2) Lorsque, dans le cas spécifique d'un étranger faisant l'objet d'une prise ou d'une reprise en charge par un autre pays de l'Union Européenne selon la procédure dite "DUBLIN III", il existe "un risque non négligeable de fuite" tel que défini par l'article L 751-10 du code de l'entrée et du séjour des étrangers et du droit d'asile et lorsque dans cette hypothèse le placement en rétention administrative est proportionné.
3) Lorsque, s'agissant d'un étranger qui a déposé une demande d'asile en France avant toute privation de sa liberté, il existe des raisons impérieuses de protection de l'ordre public ou de la sécurité nationale.
Il apparaît en l'espèce que l'arrêté préfectoral de placement en rétention a considéré, au visa de l'article L741-1 renvoyant aux cas prévus aux articles L 612-3 du code de l'entrée et du séjour des étrangers et du droit d'asile, que l'étranger appelant ne présentait pas suffisamment de garanties de représentation pour attendre l'exécution de son éloignement en étant assigné à résidence, notamment pour :
1. Avoir connaissance de se trouver en situation irrégulière sur le territoire français tout en ayant la volonté de ne pas régulariser sa situation (paragraphes 1°,2°,3°)

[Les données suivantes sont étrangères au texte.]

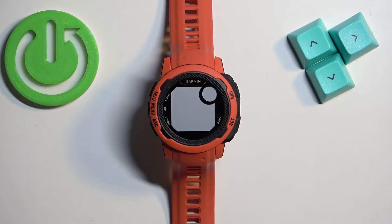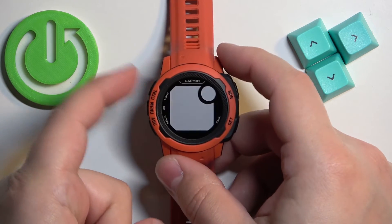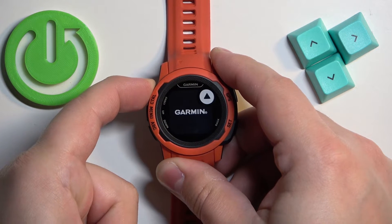After the watch turns off you can release the button and wait a couple of seconds, and then press and hold it again to turn it back on.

2. Avoir explicitement déclaré son intention de ne pas se conformer à son obligation de quitter le territoire français (paragraphe 4°)
3. S'être soustrait à l'exécution d'une précédente mesure d'éloignement (paragraphe 5°)

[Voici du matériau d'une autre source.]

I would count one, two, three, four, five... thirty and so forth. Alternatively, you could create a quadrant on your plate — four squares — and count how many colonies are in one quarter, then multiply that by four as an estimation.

4. Avoir refusé de communiquer les renseignements permettant d'établir son identité ou ses droits réels au séjour ou avoir menti sur son identité, être dépourvu de document d'identité ou de voyage, ou avoir tenté de se soustraire aux contrôles des autorités de police ou refusé de se soumettre aux relevés d'empreintes digitales ou de photographie, et ne pas disposer "d'une résidence effective et permanente dans un local affecté à son habitation principale" permettant de justifier d'une mesure d'assignation à résidence administrative (paragraphe 8°)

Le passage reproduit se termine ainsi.